A despeito da tese vencedora, no que tange ao aspecto constitucional, infere-se que mesma destoa do entendimento dominante manifestado pelo STF, o qual vem atuando de forma a conferir máxima eficácia da norma constitucional que garante estabilidade provisória à gestante. Nessa esteira, percebe-se que existem precedentes do STF reconhecendo a estabilidade provisória "as gestantes quer se trate de servidoras públicas, quer se cuide de trabalhadoras, qualquer que seja o regime jurídico a elas aplicável, não importando se de caráter administrativo ou de natureza contratual (CLT), mesmo aquelas ocupantes de cargo em comissão ou exercentes de função de confiança ou, ainda, as contratadas por prazo determinado, inclusive na hipótese prevista no inciso IX do art. 37 da Constituição, ou admitidas a título precário têm direito público subjetivo à estabilidade provisória", não sendo razoável excluir desse entendimento as trabalhadoras regidas pela Lei nº 6.019/74.

Outrossim, em que pese as particularidades do contrato de trabalho temporário, tal como "o atendimento à necessidade de substituição transitória de pessoal permanente ou à demanda complementar de serviços", não subsistem razões para que a trabalhadora regida pela Lei nº 6.019/74 seja excluída da proteção constitucional mencionada no artigo 10, II, "b", do ADCT, porquanto o legislador não previu tal exclusão na lei, tampouco há qualquer ressalva no texto constitucional.

Essa restrição criada pelo TST mostra-se em desacordo com a CLT, uma vez que a estabilidade provisória da gestante aplicável à empregada contratada temporariamente nos termos da Lei nº 6.019/74 se constitui em risco inerente do exercício da atividade econômica, o qual deve ser suportado pelo empregador, sendo vedada a sua transferência para o empregado.

Em verdade, constata-se ainda que a tese fixada pelo TST representa retrocesso no que tange aos direitos sociais, porquanto os mesmos devem ser analisados na perspectiva do reconhecimento e consolidação de direitos, de modo que uma vez reconhecido determinado direito como fundamental na ordem interna, ou, em sua dimensão global na sociedade internacional, inicia-se a fase de consolidação, não havendo mais como o Estado regredir ou retroceder diante dos direitos sociais reconhecidos.

A partir daí, verifica-se o nascimento do chamado "efeito cliquet" dos direitos sociais, o qual preconiza que os direitos não podem retroagir, só podendo avançar nas proteções dos indivíduos.
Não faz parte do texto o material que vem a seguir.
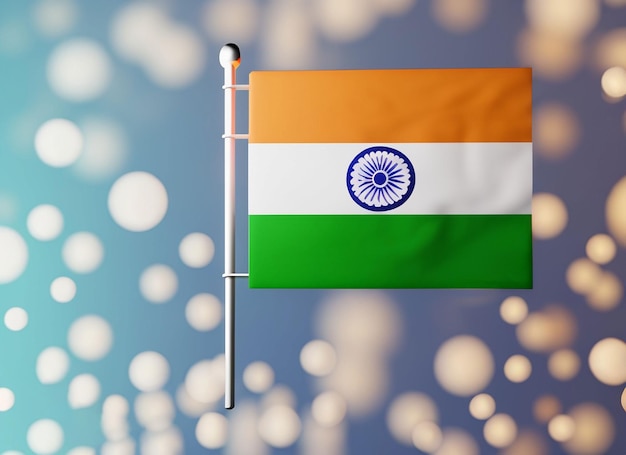 76 Independence day Celebrations of India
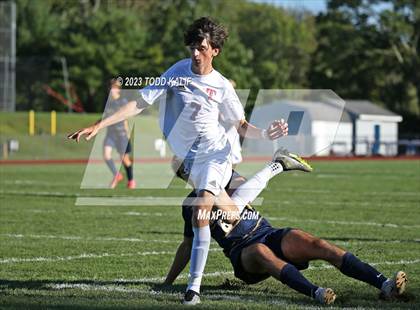 Thumbnail 3 in Tolland @ RHAM photogallery.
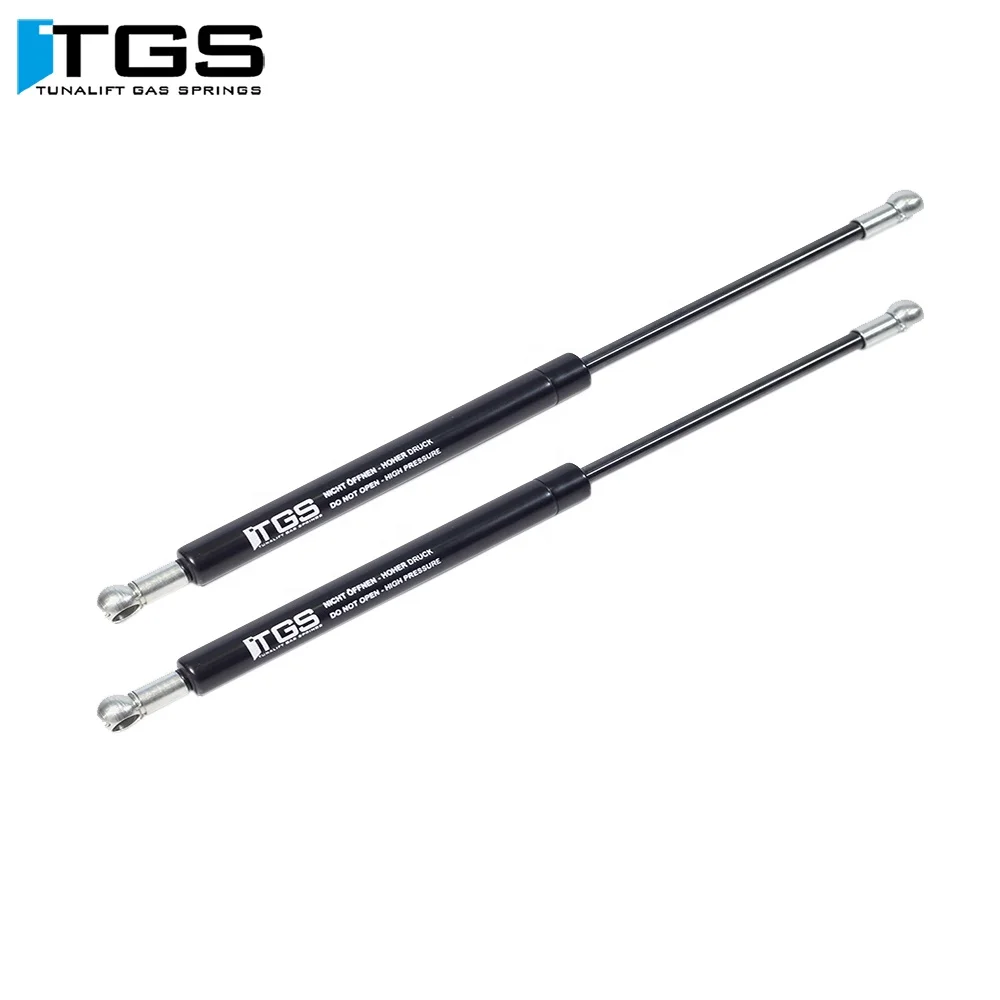 Gasfedern Tailgate Engine Hood Gas Spring Grand Cherokee Serie OEM 68025357AA 68025359AA 68083885AA 68083884AA  68079364AC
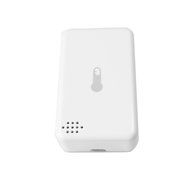 Centralite 3-Series Zigbee Temperature/Humidity Sensor - Model 3310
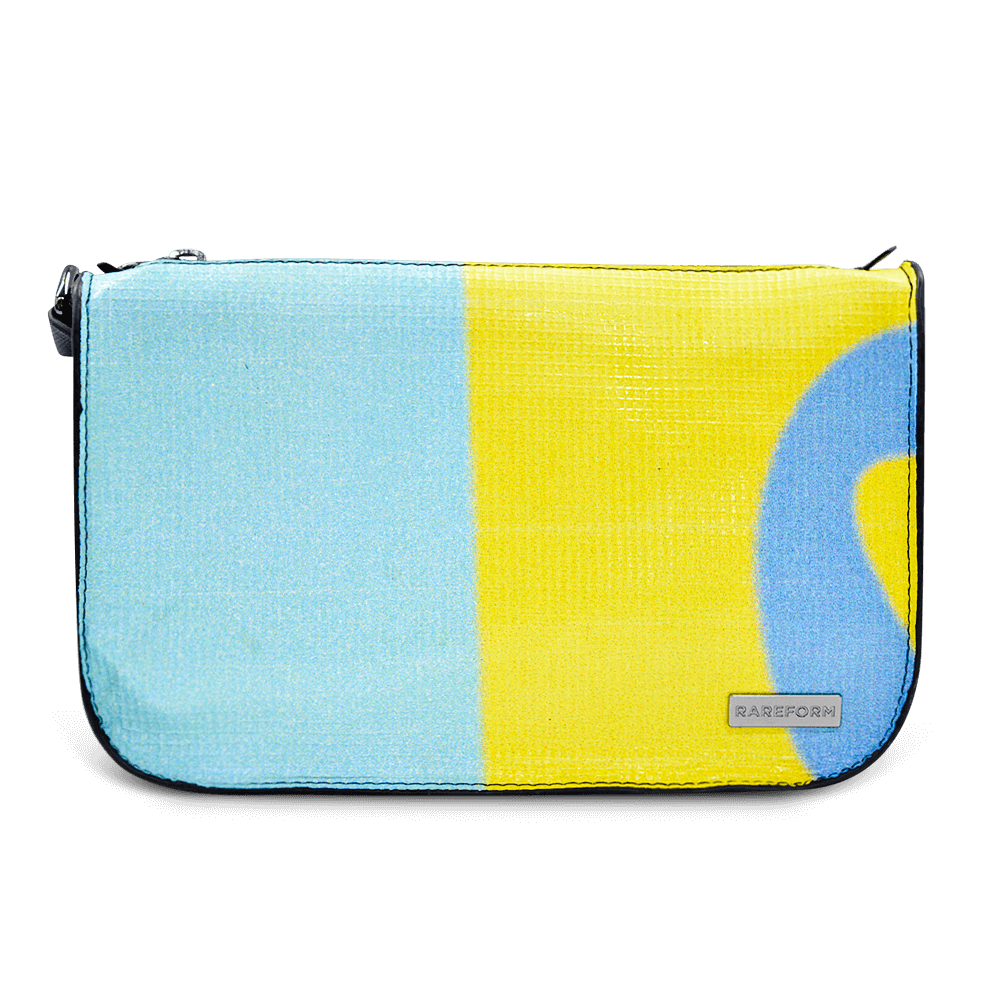 Rae Crossbody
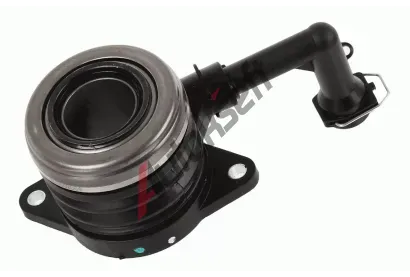 SACHS Centrln vysouva spojky SA 3182654282, 3182 654 282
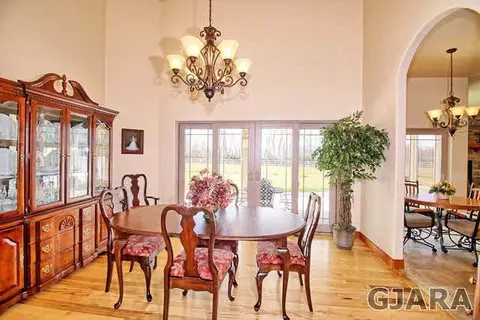 1753 Lucki Dr, Fruita, CO 81521 photo 8
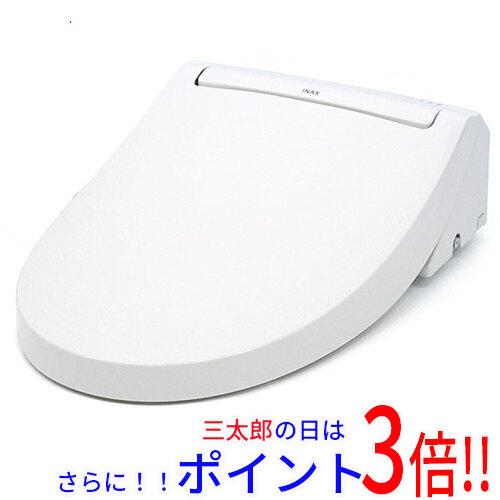 白隠和尚 荊叢毒蘂 乾/芳澤勝弘の通販は
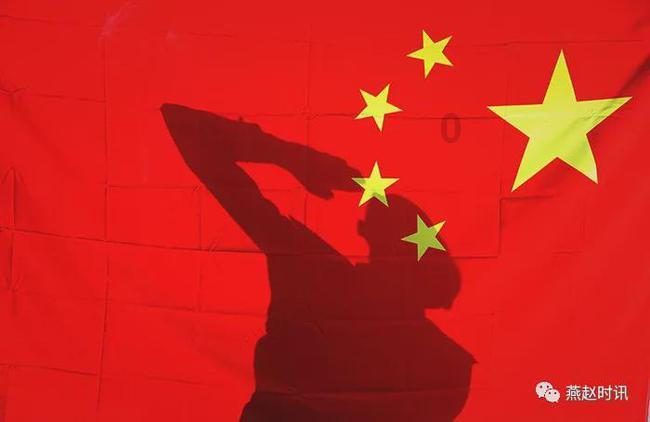 梦幻西游无双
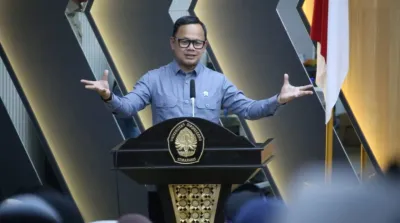Proyek Baru (36)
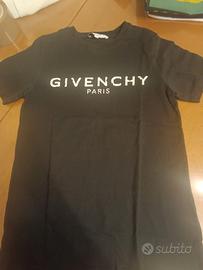 T shirt Givenchy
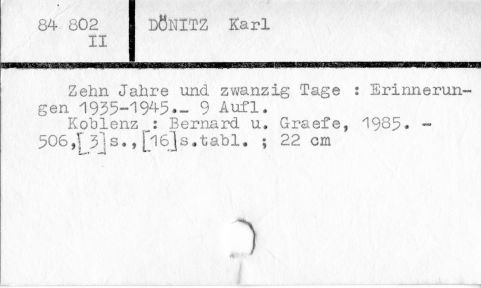 0025-0333.jpg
No Brasil esse efeito é conhecido como princípio da vedação do retrocesso, ou seja, os direitos sociais só podem avançar. Esse princípio, de acordo com Canotilho, significa que é "inconstitucional qualquer medida tendente a revogar os direitos sociais já regulamentados, sem a criação de outros meios alternativos capazes de compensar a anulação desses".

Assim, sobre o prisma constitucional, é possível que a tese fixada pelo TST seja considerada inconstitucional, uma vez que implicaria inegável retrocesso do direito social referente à estabilidade provisória garantida à gestante pela Constituição Federal, porquanto restringe o seu alcance à empregada regida pelo contrato temporário previsto na Lei nº 6.019/74.